Correct Answer: letting

Explanation:


Introduction / Context:
This sentence improvement question tests your understanding of parallel structure and correct verb forms in English. The sentence compares an action ("Opening the door to her each morning") with another action ("letting a breath of fresh air into my world"). To maintain grammatical and stylistic correctness, both parts of the comparison must use forms that are grammatically compatible and logically parallel.


Given Data / Assumptions:

    The full sentence is: Opening the door to her each morning is like (lets) a breath of fresh air into my world.
    The phrase "Opening the door to her each morning" is a gerund phrase acting as the subject of the sentence.
    The part after "is like" should be a noun or noun-like phrase that can be compared with that gerund phrase.
    The bracketed verb "lets" is to be improved or replaced if necessary.


Concept / Approach:
When we use "X is like Y" in English, both X and Y should be similar in grammatical form. Here, X is a gerund phrase: Opening the door to her each morning. Therefore, Y should also be a gerund or noun phrase, not a finite verb. The expression we want is "letting a breath of fresh air into my world", where "letting" functions as a gerund. Using "lets" (a finite verb) after "is like" breaks the structure and makes the sentence ungrammatical. Hence, the correct improvement is to replace "lets" with "letting".


Step-by-Step Solution:
Step 1: Identify the main structure: "Opening the door to her each morning" (subject) + "is like" (linking verb + preposition) + something comparable. Step 2: Recognise that "Opening" is a gerund; the part after "is like" should mirror this nominal form. Step 3: Consider the phrase "letting a breath of fresh air into my world" as a gerund phrase functioning like a noun. Step 4: Check option C "letting" and see that it produces: "is like letting a breath of fresh air into my world", which is grammatical and natural. Step 5: Option A "let" would give "is like let a breath of fresh air", which is incomplete and incorrect in standard English. Step 6: Option B "to let" introduces the infinitive and would give "is like to let a breath of fresh air", which is awkward and not parallel to the gerund "Opening". Step 7: Option D "no improvement" would keep "is like lets a breath of fresh air", which is wrong because "lets" would require its own subject and cannot follow "is like" directly. Step 8: Option E "to have let" introduces a perfect infinitive and changes the time and structure unnecessarily.

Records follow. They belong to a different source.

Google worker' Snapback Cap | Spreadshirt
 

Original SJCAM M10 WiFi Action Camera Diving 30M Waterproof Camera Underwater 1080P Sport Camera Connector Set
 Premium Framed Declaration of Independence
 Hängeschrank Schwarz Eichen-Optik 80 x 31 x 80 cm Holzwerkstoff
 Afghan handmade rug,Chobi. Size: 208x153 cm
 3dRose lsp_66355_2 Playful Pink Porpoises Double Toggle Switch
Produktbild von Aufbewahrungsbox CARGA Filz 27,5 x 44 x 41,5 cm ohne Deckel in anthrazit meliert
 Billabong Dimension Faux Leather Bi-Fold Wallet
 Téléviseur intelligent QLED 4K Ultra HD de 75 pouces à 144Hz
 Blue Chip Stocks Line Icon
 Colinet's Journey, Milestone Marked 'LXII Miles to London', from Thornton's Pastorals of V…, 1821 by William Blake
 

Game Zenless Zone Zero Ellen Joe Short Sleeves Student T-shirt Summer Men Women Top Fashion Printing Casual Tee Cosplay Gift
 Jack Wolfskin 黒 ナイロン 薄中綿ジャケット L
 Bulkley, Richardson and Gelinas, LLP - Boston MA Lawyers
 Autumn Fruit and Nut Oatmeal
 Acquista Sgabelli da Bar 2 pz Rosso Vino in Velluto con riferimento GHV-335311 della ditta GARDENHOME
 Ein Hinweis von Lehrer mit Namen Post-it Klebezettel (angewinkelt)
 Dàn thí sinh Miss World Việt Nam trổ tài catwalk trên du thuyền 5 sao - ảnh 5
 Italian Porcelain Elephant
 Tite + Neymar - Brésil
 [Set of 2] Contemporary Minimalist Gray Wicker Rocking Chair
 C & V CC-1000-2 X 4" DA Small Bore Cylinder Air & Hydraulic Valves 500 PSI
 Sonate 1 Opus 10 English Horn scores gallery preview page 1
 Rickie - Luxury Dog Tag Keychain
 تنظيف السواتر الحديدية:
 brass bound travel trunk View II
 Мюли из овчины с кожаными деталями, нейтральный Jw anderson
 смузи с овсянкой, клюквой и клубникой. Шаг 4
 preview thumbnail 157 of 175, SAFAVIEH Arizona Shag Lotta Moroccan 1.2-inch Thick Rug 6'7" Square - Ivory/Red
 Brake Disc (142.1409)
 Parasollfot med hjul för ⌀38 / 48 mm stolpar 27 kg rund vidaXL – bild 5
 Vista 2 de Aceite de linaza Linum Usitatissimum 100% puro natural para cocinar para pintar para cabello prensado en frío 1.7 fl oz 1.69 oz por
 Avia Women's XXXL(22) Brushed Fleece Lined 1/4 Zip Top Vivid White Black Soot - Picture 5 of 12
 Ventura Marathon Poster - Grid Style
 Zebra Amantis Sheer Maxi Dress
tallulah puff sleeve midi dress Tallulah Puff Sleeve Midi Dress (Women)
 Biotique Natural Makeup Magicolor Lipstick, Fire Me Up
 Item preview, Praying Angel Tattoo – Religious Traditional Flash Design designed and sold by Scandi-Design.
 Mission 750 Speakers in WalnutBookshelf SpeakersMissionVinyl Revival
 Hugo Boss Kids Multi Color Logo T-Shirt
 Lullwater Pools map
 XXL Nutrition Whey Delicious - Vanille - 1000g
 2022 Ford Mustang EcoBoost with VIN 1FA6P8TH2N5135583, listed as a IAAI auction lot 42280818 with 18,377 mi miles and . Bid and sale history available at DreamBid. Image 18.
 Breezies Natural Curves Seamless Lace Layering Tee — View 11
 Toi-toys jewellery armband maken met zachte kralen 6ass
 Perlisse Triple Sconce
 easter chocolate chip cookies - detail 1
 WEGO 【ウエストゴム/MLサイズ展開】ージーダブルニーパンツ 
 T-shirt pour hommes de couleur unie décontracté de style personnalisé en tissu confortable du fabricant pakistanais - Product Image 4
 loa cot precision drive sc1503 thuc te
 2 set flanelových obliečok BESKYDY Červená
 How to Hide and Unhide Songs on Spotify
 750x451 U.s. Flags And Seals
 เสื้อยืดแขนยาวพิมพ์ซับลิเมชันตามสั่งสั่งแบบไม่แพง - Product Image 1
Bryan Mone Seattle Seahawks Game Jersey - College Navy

Verification / Alternative check:
Read the corrected sentence aloud: "Opening the door to her each morning is like letting a breath of fresh air into my world." The comparison is smooth, poetic, and grammatically sound. If we tried "is like to let" or "is like let", we immediately feel the sentence stumble. Also, standard usage supports gerund after structures beginning with "is like", such as "Life is like driving on a highway" or "Talking to her is like stepping into sunshine." This pattern confirms that "letting" is the right choice.


Why Other Options Are Wrong:
Option A let leaves the phrase without a subject or correct non-finite form; "is like let" is grammatically incomplete.
Option B to let introduces an infinitive that sounds unnatural after "is like" when compared to a gerund subject.
Option D no improvement would keep the ungrammatical "is like lets a breath of fresh air", where "lets" cannot function properly in this structure.
Option E to have let introduces perfect aspect and changes the sense to a completed action, which is not intended and breaks the parallel structure.


Common Pitfalls:
Many learners fail to notice the need for parallelism in comparison structures. They may focus only on tense and ignore the form of the verb. A useful rule is: when a sentence starts with a gerund subject like "Opening the door...", look for another gerund after "is like" or similar expressions. Keeping the same non-finite form on both sides of a comparison makes the sentence smooth, grammatical, and stylistically elegant.


Final Answer:
The bracketed part should be improved to "letting", giving: Opening the door to her each morning is like letting a breath of fresh air into my world.